Dec 01, 2011 - Sale 2263

Sale 2263 - Lot 112

Price Realized: $ 5,280
?Final Price Realized includes Buyer’s Premium added to Hammer Price
Estimate: $ 6,000 - $ 9,000
SIGNED BY LEE, DAVIS, MOSBY, LONGSTREET, HAMPTON, BEAUREGARD (CIVIL WAR--CONFEDERATE.) Smith, Austin E.; compiler. Autograph album of an imprisoned Confederate sympathizer. 83 leaves signed by various Confederate figures or with related autograph cards laid down. 4to, contemporary morocco gilt, moderate wear, one joint starting. Vp, 1861-84

Additional Details

Austin E. Smith (ca. 1829-1862), son of former Virginia governor William Smith, was a lawyer who went to San Francisco in 1853 and became a naval officer there. At the outbreak of the Civil War, he headed home to fight, but was arrested in New York before he could reach the Confederate lines. He spent more than a year as a prisoner at Fort Warren in Boston and Fort Lafayette in New York, where he collected the early inscriptions in this book from his fellow prisoners, mostly non-combatants like himself. In June of 1862, he was exchanged. He promptly joined the Confederate Army as a major, only to die in his first battle, at Gaines Mill, 27 June 1862.
Inscriptions by Smith's fellow prisoners fill 43 leaves of the book, one per page, with many of them offering commentary on where and why they were imprisoned. The former Baltimore police commissioner wrote "Awakened from sleep at 3 o clock in the morning of the 1st July 1861 & arrested by a body of 400 armed troops. Imprisoned ever since." The mayor of Baltimore was "arrested 13 Sept/61 at 2 A.M. by order of W.H. Seward by four men and a military guard." Another prisoner complained of being held "in military custody, without authority of law, without a hearing, without even the formality of an accusation.

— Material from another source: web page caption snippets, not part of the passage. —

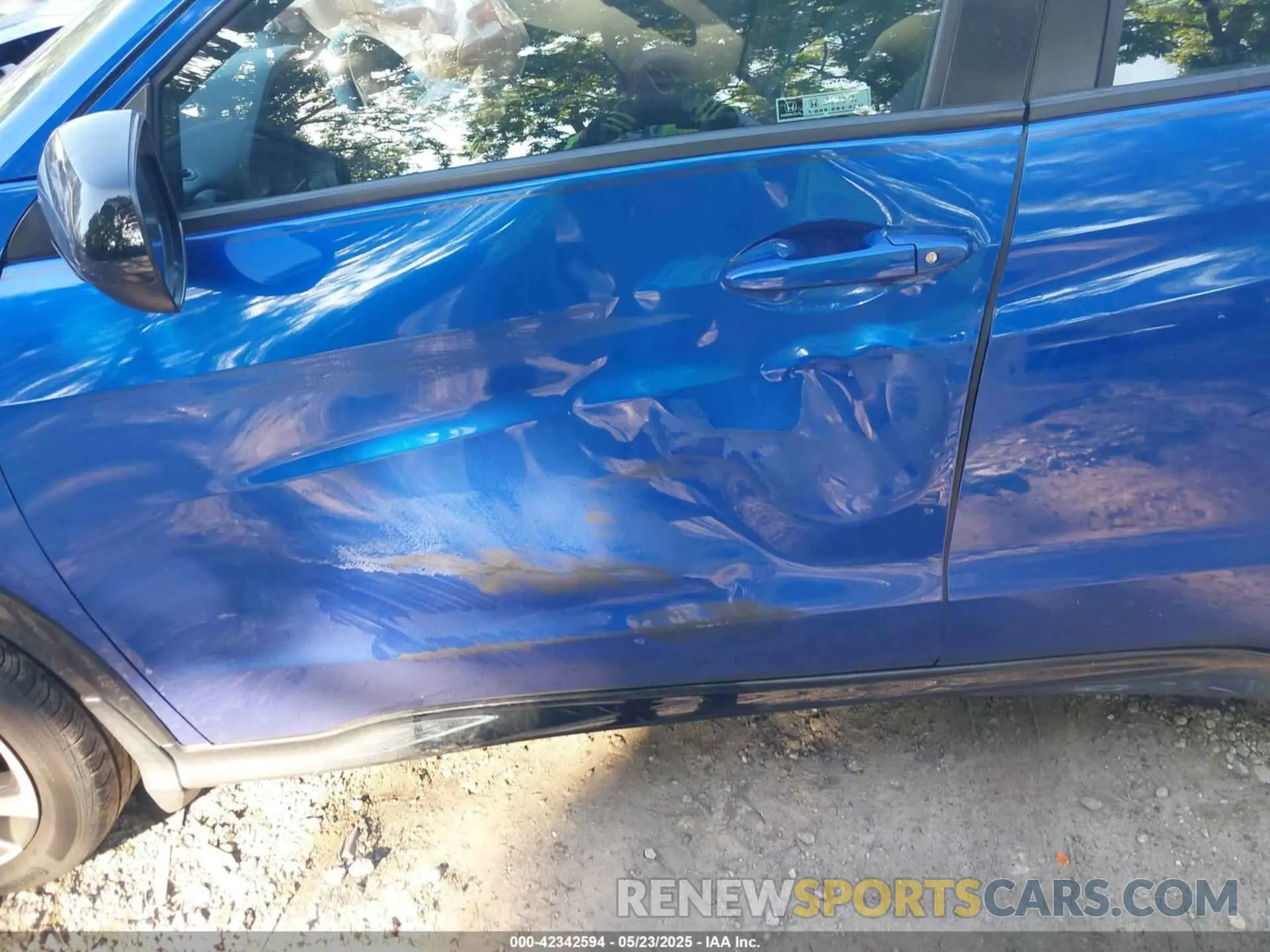 6 Фотография поврежденного автомобиля 3CZRU5H15KM726338 HONDA HR-V 2019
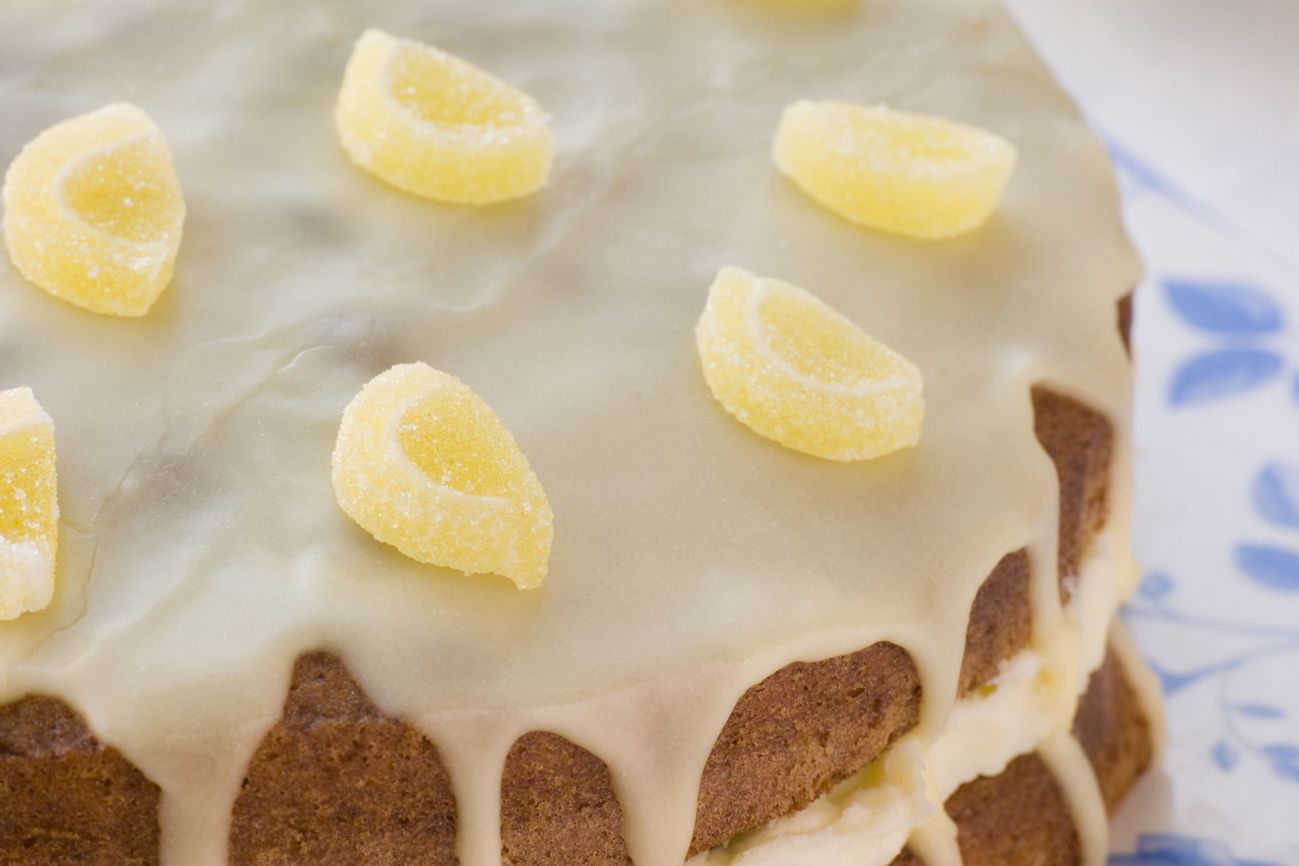 Lemon Drizzle Recipe from The Athenaeum, London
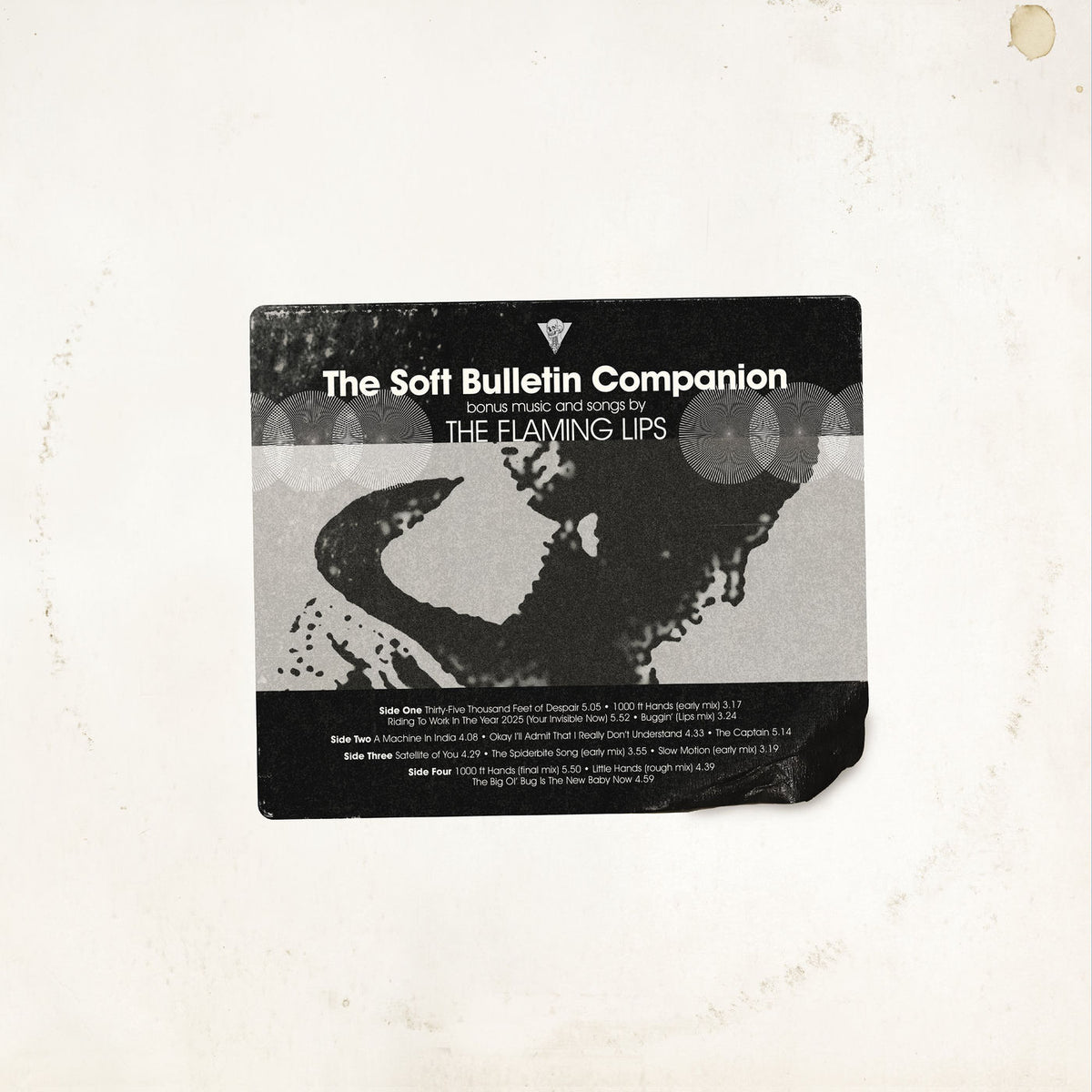 Flaming Lips – Soft Bulletin Companion (Silver Vinyl) vinyl record cover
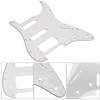 Electric Guitar Pickguard 3-Layers with Aluminum Shielding Musical Instrument AccessoriesGSSH53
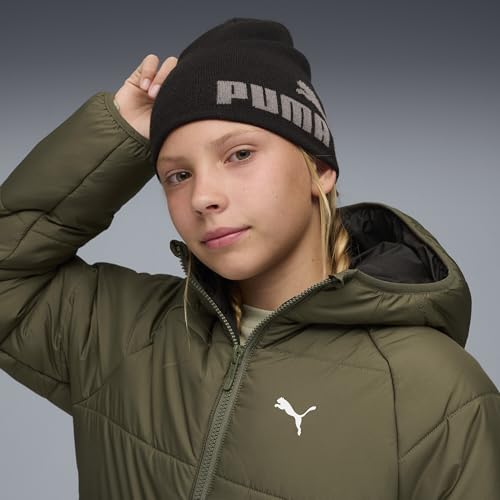 Bonnet PUMA couronne mi-haute sans revers en maille souple junior
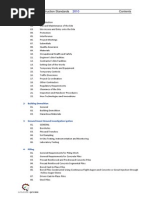 Qatar National Construction Standards 2010 - Table of Contents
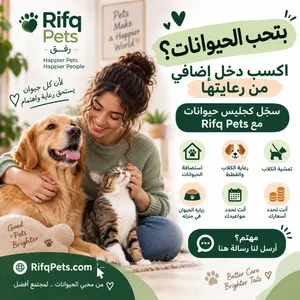 بتحب الحيوانات؟ حوّل حبك إلهم لدخل إضافي!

God save the South!" One M.W. Barr claimed to be "arrested while acting as a telegraphic reporter of the New Orleans Associated Press at Louisville." George J. Whelan, a former mayor of San Francisco then living in Baltimore, apparently visited Smith in prison, and wrote that he was "never a prisoner, but always ready to yield all, including personal liberty, for the cause of the Confederate States."
After his death, Major Smith's heirs continued to use the book for Confederate autographs. Many of these later autographs are inscribed to his sister Mary Amelia Smith (circa 1827-1913). The volume begins with a three-page manuscript biography of Austin Smith, presumably in her hand. After the prison entries are signed inscriptions by Confederate generals and political leaders dated from about 1864 to 1884.
Robert E. Lee provided a nice war-date signature, "RE Lee, Richmond 14 Sept '64." Among the others who signed the book were Generals Joseph E. Johnston, Jubal Early, and James Longstreet, Admiral Raphael Semmes, Secretary of War John Breckinridge, and Colonel John S. Mosby ("Colonel of Partisan Rangers, Va."). One of the inscriptions was personal--General Richard S. Ewell reflects on the bravery of Norman Smith, who served under his command. Signed cards are laid down from Pierre Beauregard, Jefferson Davis (two signed cards, one reading "to Miss Mary A. Smith from her sincere friend"), Wade Hampton, John Brown Gordon, and a very shaky one from the family patriarch, "Wm Smith, Major General, C.S.A.," then the oldest general in the Confederacy.
Provenance: After the death of Mary Amelia Smith, the book apparently went to her brother Judge Thomas Smith (1836-1918). In 1919, it was given by Thomas Smith's widow Elizabeth Fairfax (Gaines) Smith to her friend Stuart (Mosby) Coleman (1866-1946), daughter of the famous Col. Mosby, and thence by descent to the consignor.
Most of the leading figures of the Confederacy signed this volume. However, this is more than just a simple autograph book. The prison inscriptions and family connections make it historically significant, and an evocative artifact of the Lost Cause.